Given entries:

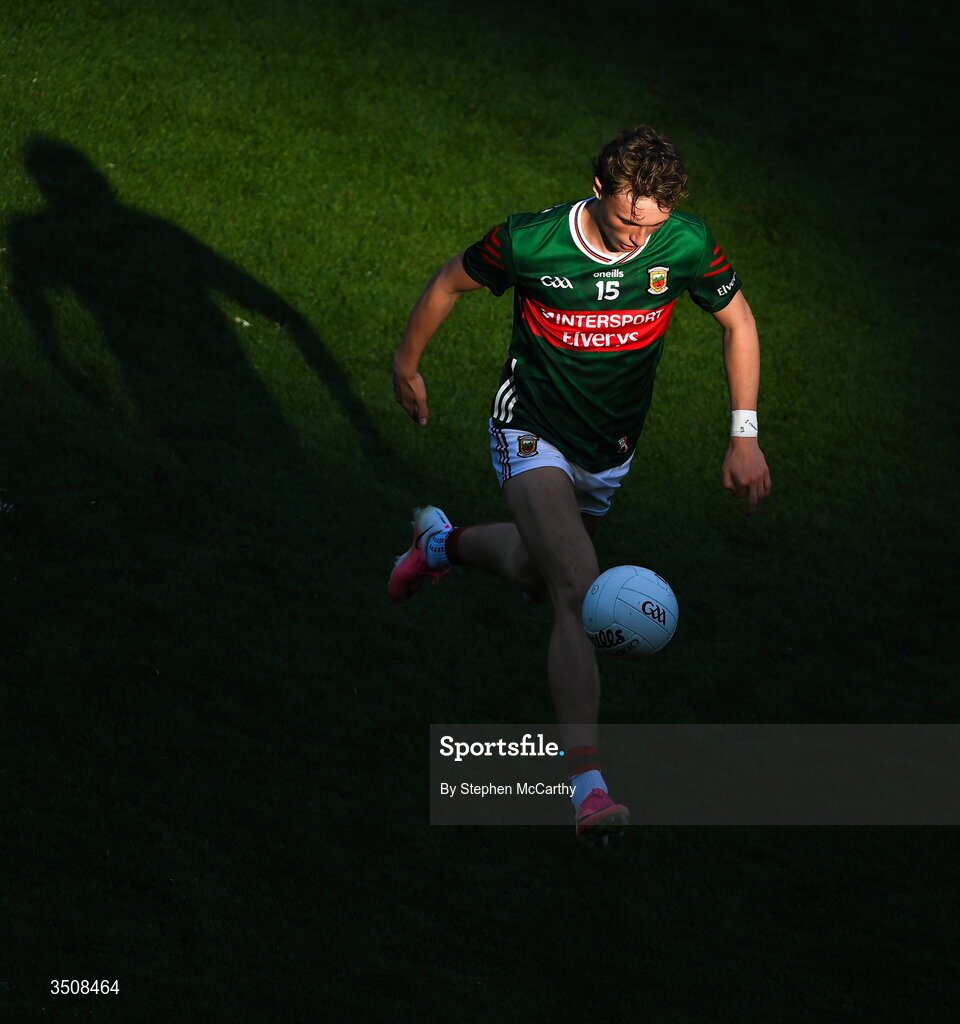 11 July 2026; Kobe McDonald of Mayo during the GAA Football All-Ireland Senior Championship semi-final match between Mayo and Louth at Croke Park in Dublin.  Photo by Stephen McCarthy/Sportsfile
...
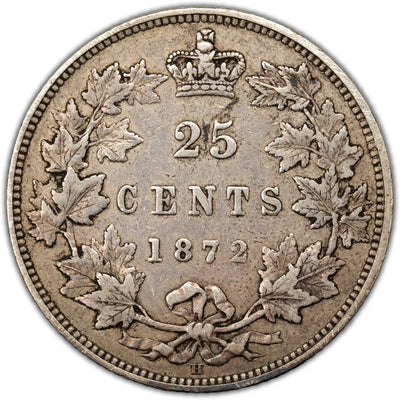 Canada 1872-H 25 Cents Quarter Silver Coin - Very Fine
---
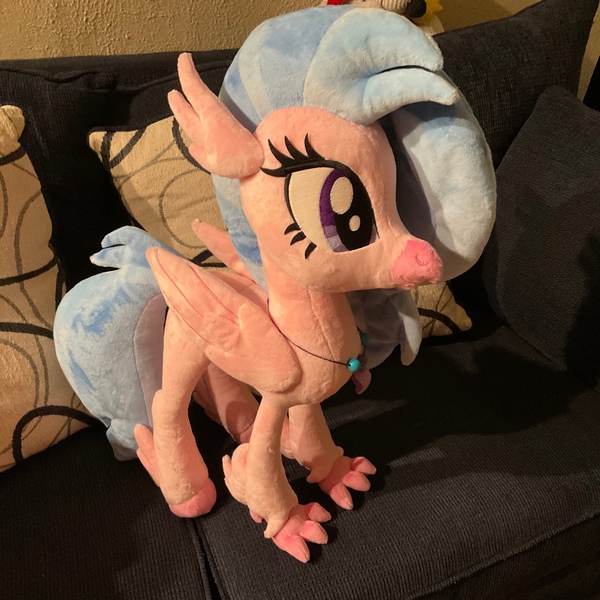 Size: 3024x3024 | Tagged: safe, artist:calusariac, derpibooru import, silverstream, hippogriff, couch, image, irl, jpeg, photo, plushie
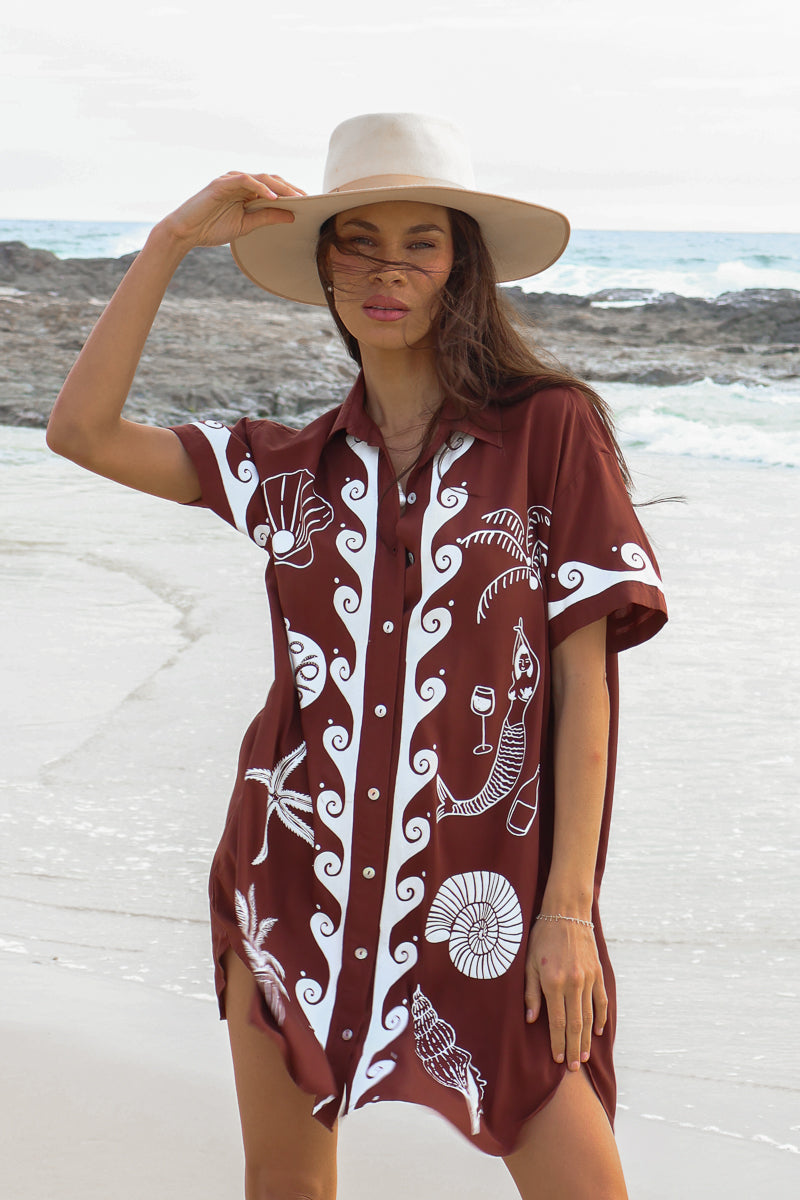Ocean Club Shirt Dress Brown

Task to complete: Repeat exactly, and only, the entries from the line with "Size: 3024x3024 |" through the line with "Ocean Club Shirt Dress Brown". Pictures are skipped.

Solution to the exercise:
 Size: 3024x3024 | Tagged: safe, artist:calusariac, derpibooru import, silverstream, hippogriff, couch, image, irl, jpeg, photo, plushie
Ocean Club Shirt Dress Brown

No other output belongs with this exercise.